That's a Weissenborn. This was the immediate predecessor to the National. In fact, if I could just digress for a second, and say that the Hawaiian guitar is the most uniquely American instrument I can think of. It's one that went through such a rapid series of evolution. Briefly, in 1889 Kikuku takes a Martin guitar and puts it on his lap and starts playing it with a bar. So, for the first 10 years, that was what Hawaiian guitar was, simply with the nut raised to facilitate the slide playing. Then came the Weissenborn, which was the first dedicated Hawaiian guitar. It's all koa wood, with a hollow, square neck and high action and no frets, just markers. That's immediately followed by National, which is then followed by the electric Rickenbacker, then the seven-string, the eight-string, the ten-string, two necks, three necks, four necks, pedal steel - and all that happened in about 50 years, littering the by-ways of history with players who got on at each stage. There are seven-string players, there are eight-string players etc. I can't think of any other instrument that evolved that way.

In any event, the Weissenborn is a really magical instrument. They used to be quite common. I'm on the same label in France as Ben Harper and so, of course, all these French journalists are saying [adopts Vairry French accent] , “Oh, Monsieur Brozman, you are using ze same eenstrooment like Ben 'a-pur." And I'm forced to reveal my age by saying, “Yes. I bought my first Weissenborn the same year Ben Harper was born." Which is kind of a double-edged thing…

Anyway, they're fascinating instruments. They have an incredible bass. You know, the body depth is quite shallow, actually. But you've got this long piece of wood on the back that's the entire length of the instrument. They're lovely instruments to use on stage. I just think they're fascinating.

I've got my set of them and I'm happy. But I don't expect that I'll ever get any more. Harper's got about 30 of 'em. Now there are makers actually starting to make them again - but it's really a case of function following form. If you don't make it exactly like the old ones they just simply don't have the sound. There's some real secrets to how they were made.
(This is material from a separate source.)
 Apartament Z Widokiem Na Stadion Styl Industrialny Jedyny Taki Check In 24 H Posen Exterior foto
Do you go about acquiring these instruments and then fit the repertoire to them, or do you find the repertoire then find the instruments to play it on?
Mmmmm…a little of both really. I've been lead around by the ears by the National. I was very fortunate that the first National I got was a Tricone. Because it's really affected the way I play bottleneck. Good, bad or in-different, I play bottleneck differently than anybody else. And it's partly because I was lucky enough to find a Tricone with all the tonal capabilities that that instrument has - it told me how to play. The Weissenborn is meant to be played on the lap, which I do quite a bit, of course, as a Hawaiian guitarist, but I've pioneered this thing of holding it upright and playing it with a bottleneck, just to get a different kind of articulation. And I don't know if you noticed last night, I reversed my hands. Because of the hollow neck you can actually play on the negative fretboard. So I'll play a melody on fret 3-2-1-0 and then I'll play on fret negative 3-2-1-0. It kind of "ghosts" the melody in a very interesting way. And I'm using some very strange stringing. In fact, I used to use very heavy strings - 16, 18, 27, 39, 49, 59. But I've changed now. I think you'll be very happy to hear that now I'm using 16, 18, 27, 40, 50, 66.
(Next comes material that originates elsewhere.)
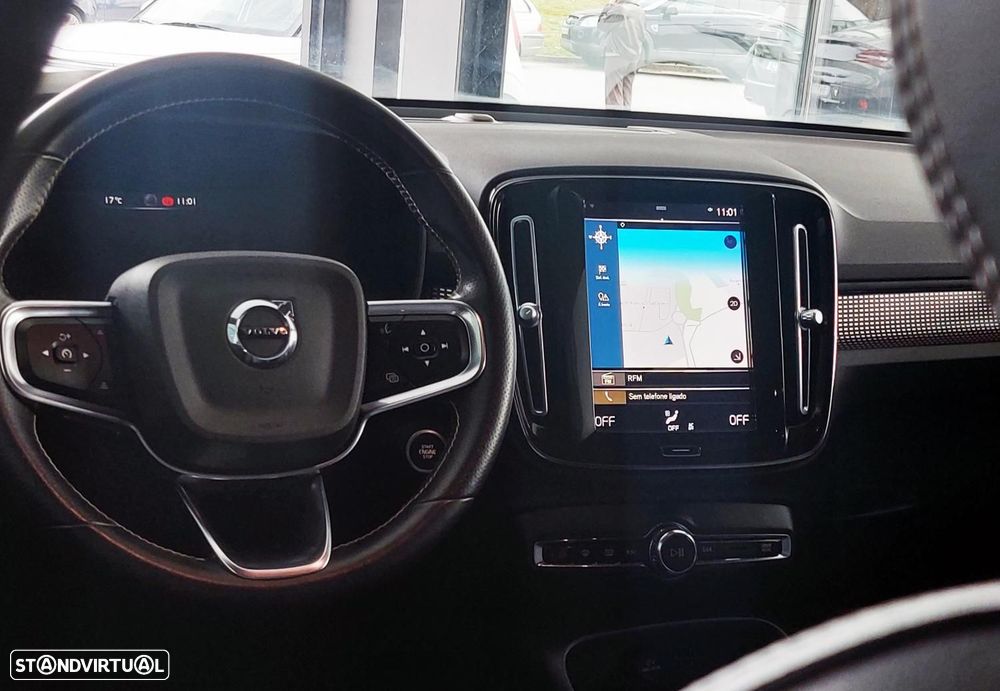 Volvo XC 40 1.5 T2 Momentum Plus - 12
And how did you and Gary meet?
It's a lovely story... Gary?

Gary Atkinson: Around about 1988/89 I was considering ... researching into writing a book on Nationals and I kept bumping into people who would say to me, "Oh, you're interested in Nationals? Well, you should hear Bob Brozman," or "Oh, you play slide guitar? You should hear Bob Brozman." This name Bob Brozman began to stop interesting me and began to haunt me really.

BB: Annoy you, I think is the word!

GA: I'm trying to be diplomatic! And eventually I decided to ring Bob, which I did, rang him in California and said, "Well, I've heard so much about you I feel that we're either going to be very good friends or worst of enemies. What's it gonna be? Fortunately, Bob's humour appreciated what I said and we got into a very long conversation and Bob mentioned that he was playing a gig at the ICA Theatre, part of the "Sliding Round The World" concert celebrating 100 years of slide guitar. And he said to me, "If you know of anywhere else where I could play I would appreciate that." I put the phone down and thought to meself, "Well, I don't know where the hell he could play." But, I suppose, having my head full of a very recent divorce, something like that seemed like a good idea to freshen my head up with. So very naively I put together a 14-date tour and the following year we did I think it was 21 days.
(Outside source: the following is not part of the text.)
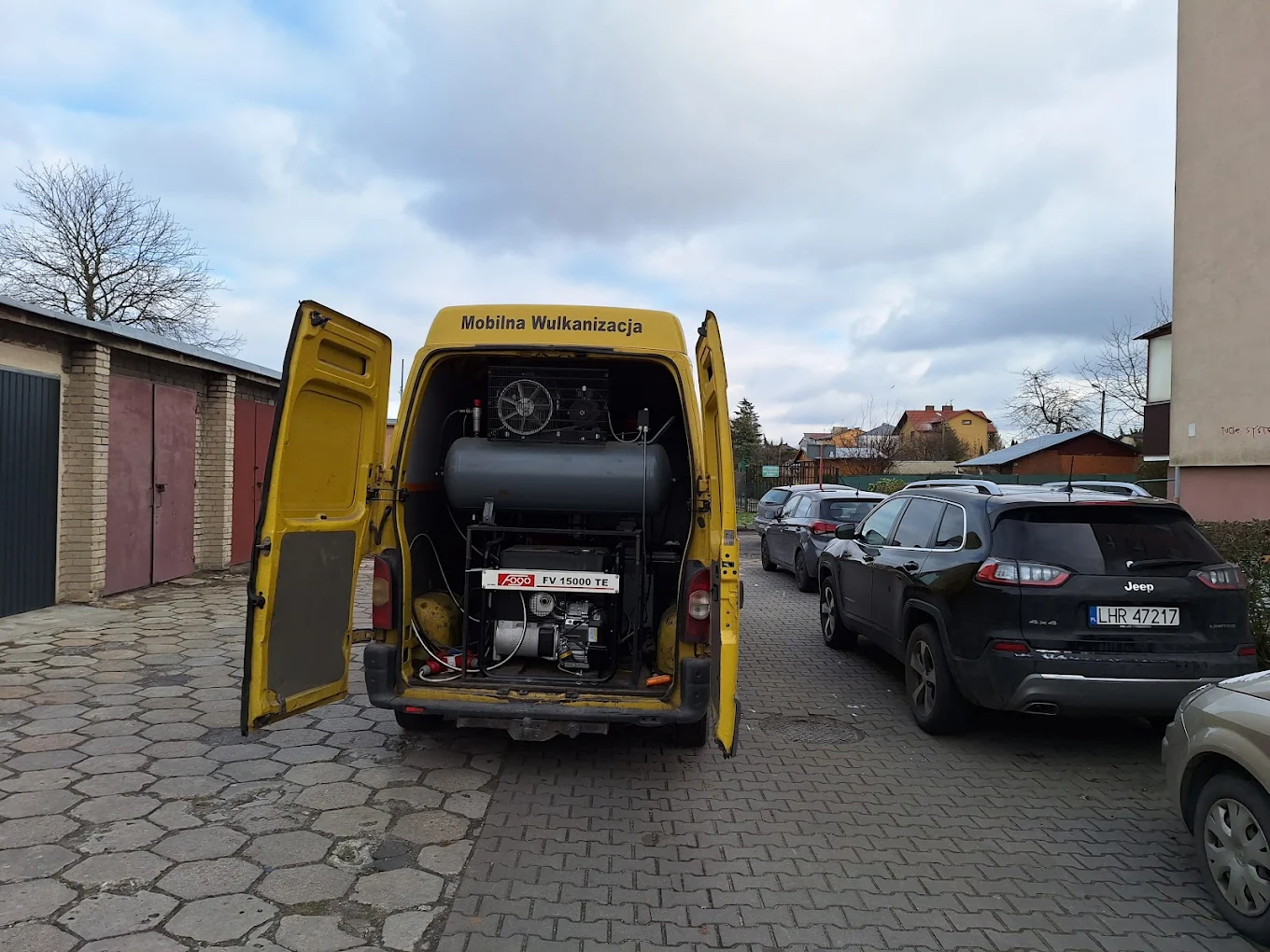 Bus serwisowy KB Mobile Garage - mobilna wulkanizacja z pełnym wyposażeniem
BB: Fourteen and 26, then 35 the following year, then 63 dates in one tour. Sixty-three dates in 75 days. And then we’ve since thought, "OK. Let's preserve our health and keep in to 20 a year!"

GA: So we've clocked up a few hours together, both here and abroad. As we mentioned earlier on in the day, I think it's about 18 months since we last saw each other. There has been a break. But like a couple of bad pennies we've turned up again. I was quite surprised at how in the first couple of days being together we were able to amuse ourselves with many great reminiscences. I'm sure that everybody else that was anywhere within earshot was rolling their eyes up to the ceiling. But it's been interesting.

BB: We've been through the wars together. Gary, of course, contributed to the National book, both in terms of having contributed a chapter - two chapters, actually - and, as well, many hours of deep philosophical discussion in the garden about the deeper meaning of John Dopyera and the resonator guitar. I feel that Gary's a great writer and it was just a pleasure to have him on board. Part of his disgruntlement with calling me up was he was contemplating doing a National book at the time and I was already in progress doing one. So he just called me and said, "Bastard!"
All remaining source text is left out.